Incluso entre Sandoval y su jefe existen grandes pasajes de incomunicación, que Espósito sortea por otras señas, como cuando aguarda en el bar a que su súbdito ordene otra copa y acepte con ese gesto ayudarlo en su investigación. De todos modos, es Sandoval quien verbaliza el tema principalísimo de la pasión, y gracias a su explicación se develan ciertas constantes de la obra: la pertinacia de Espósito respecto a Irene, la obcecación de Isidoro, y por supuesto, todas y cada una de las acciones de Ricardo Morales: alter ego de Espósito, abiertamente admirado por él. La diferencia entre uno y otro es la palabra, que se quedó muerta en la boca del primero, y nació en el segundo poco a poco hasta llegar a florecer plenamente, revirtiendo en un instante cinco lustros de existencia copada únicamente por la NADA.
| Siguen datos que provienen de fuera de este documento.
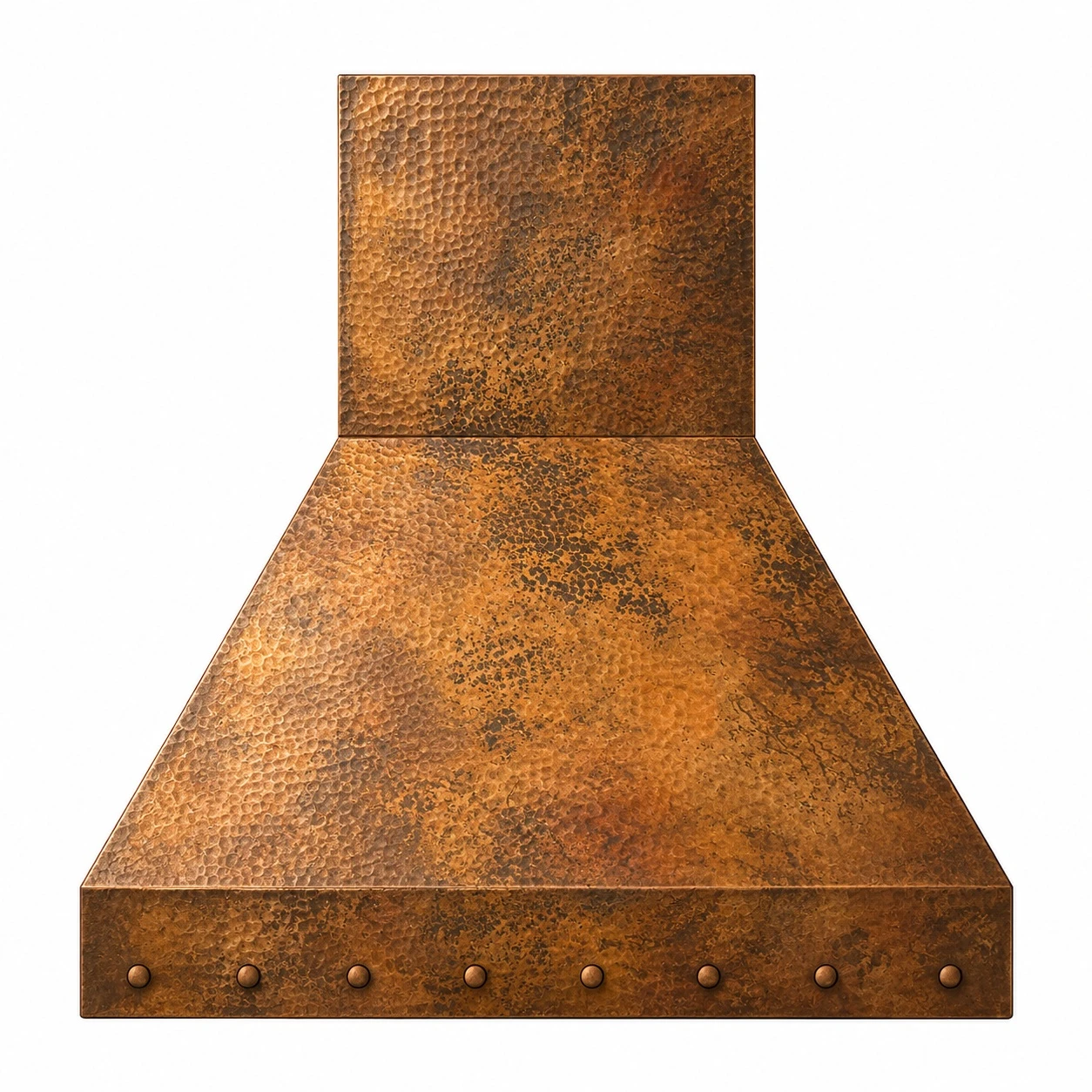 Custom tapered copper range hood with hand-hammered texture, antique patina, and riveted apron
"Nihil novi nisi commune consensu", donde "consenso" es la palabra. La incomunicación (tema del "absurdo" existencialista que tan bien le quedó al Cortázar de "Nada a Pehuajó") va anunciada desde el t
ítulo mismo. Los ojos le revelan dos cosas al protagonista: la culpa (en Isidoro) y el amor (en Morales). Se le convierten en "símbolos", más que en "signos". Es decir, le revelan algo, pero no dialogan con él. Espósito busca el diálogo (no quiere un cuerpo, sino una palabra de y para Irene); Isidoro lo anula (brutalmente); Morales lo prohíbe a uno, y lucha por no olvidarlo en otra. El espectador asiste a una sucesión de vacíos verbales, a pesar de que paradójicamente la trama se sustenta en la palabra, pues las "acciones" realmente escasean, en comparación con las secuencias de diálogos. Lo que se logra gracias a la calidad de la actuación (según Miguel A. Delgado). Acaso también, gracias a la agilidad del razonamiento del diálogo de los argentinos, a la intensidad con que comparten sus palabras y la confianza con que se amparan en las mismas para decir o callar lo vivido. Aunque me parece que en esto de la expresividad verbal, los argentinos se nos parecen mucho a nosotros los boricuas. Pero bueno, ese es otro tema.

Lo que no debemos olvidar a este punto es que uno de los mejores atributos que esta historia nos muestra, a nosotros los globalizados de esta era, es (a través de ese lenguaje tan argentino) su universalidad.